By Staff Reporter, 22-Apr-2010

Related topics: Financial

Pactiv Corp said high raw material costs were a major cause for a 38 per cent plunge in its Q1 profits.

But the company said it expected a sales jump in 2010 as the recovery took hold and declared it was on the look out for further acquisitions – following its take over of APET outfit PWP.

Pactiv, which has a large food packaging division – including a European egg box operation - said rising polyethylene and polystyrene costs, plus the continued effects of the recession, had all contributed to its first-quarter profits falling to $48m – compared to $77m in the same period in 2009.

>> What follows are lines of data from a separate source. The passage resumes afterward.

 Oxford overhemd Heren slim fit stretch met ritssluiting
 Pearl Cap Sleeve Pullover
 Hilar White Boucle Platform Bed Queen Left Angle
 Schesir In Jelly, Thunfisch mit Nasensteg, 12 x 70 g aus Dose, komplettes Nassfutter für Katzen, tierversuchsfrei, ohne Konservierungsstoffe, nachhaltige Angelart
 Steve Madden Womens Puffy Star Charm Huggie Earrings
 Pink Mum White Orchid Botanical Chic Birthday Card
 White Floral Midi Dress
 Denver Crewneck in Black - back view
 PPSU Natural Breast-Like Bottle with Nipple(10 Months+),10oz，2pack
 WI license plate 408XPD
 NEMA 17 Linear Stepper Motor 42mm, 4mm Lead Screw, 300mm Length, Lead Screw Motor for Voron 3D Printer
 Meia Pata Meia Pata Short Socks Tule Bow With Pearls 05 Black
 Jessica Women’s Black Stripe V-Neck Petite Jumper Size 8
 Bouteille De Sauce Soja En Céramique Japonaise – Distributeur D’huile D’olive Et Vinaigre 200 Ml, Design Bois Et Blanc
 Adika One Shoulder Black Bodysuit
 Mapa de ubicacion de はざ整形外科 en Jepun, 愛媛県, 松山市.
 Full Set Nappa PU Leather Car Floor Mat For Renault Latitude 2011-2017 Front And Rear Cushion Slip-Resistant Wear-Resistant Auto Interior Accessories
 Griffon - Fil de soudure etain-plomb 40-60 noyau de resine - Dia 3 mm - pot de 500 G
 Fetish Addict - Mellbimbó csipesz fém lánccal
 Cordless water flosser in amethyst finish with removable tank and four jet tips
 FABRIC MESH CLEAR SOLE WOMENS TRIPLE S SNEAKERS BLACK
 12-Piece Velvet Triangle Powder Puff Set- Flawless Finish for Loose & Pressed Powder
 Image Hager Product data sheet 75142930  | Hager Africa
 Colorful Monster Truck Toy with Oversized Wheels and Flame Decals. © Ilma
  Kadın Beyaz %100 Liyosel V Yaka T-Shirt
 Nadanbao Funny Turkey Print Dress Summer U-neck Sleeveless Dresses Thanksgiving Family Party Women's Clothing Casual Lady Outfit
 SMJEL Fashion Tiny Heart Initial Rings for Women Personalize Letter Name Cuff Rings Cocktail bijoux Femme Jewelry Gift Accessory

"Compared with last year’s first quarter, polyethylene costs rose 34 per cent, and polystyrene costs were up 55 per cent,” said Richard L. Wambold, Pactiv’s chairman and chief executive officer. “As a result, we are still in the process of catching up with price increases to offset the higher costs. Overall, our focus is on recovering these cost increases in a competitive environment."

Food packaging

In its food packaging segment, Q1 sales rose one percent to $486 million from $483 million in 2009. The volume increase was driven by polypropylene containers, processor trays, and paper-based items as well as continued growth in cups and cutlery

Pactiv, which acquired APET business PWP at the start of April, said it expected its full year sales to jump by 10-12 per cent.

“We are now in the process of integrating PWP and will be well positioned to grow our APET business as foodservice and processor markets recover,” said Wambold. “We also continue to look at other acquisition opportunities.”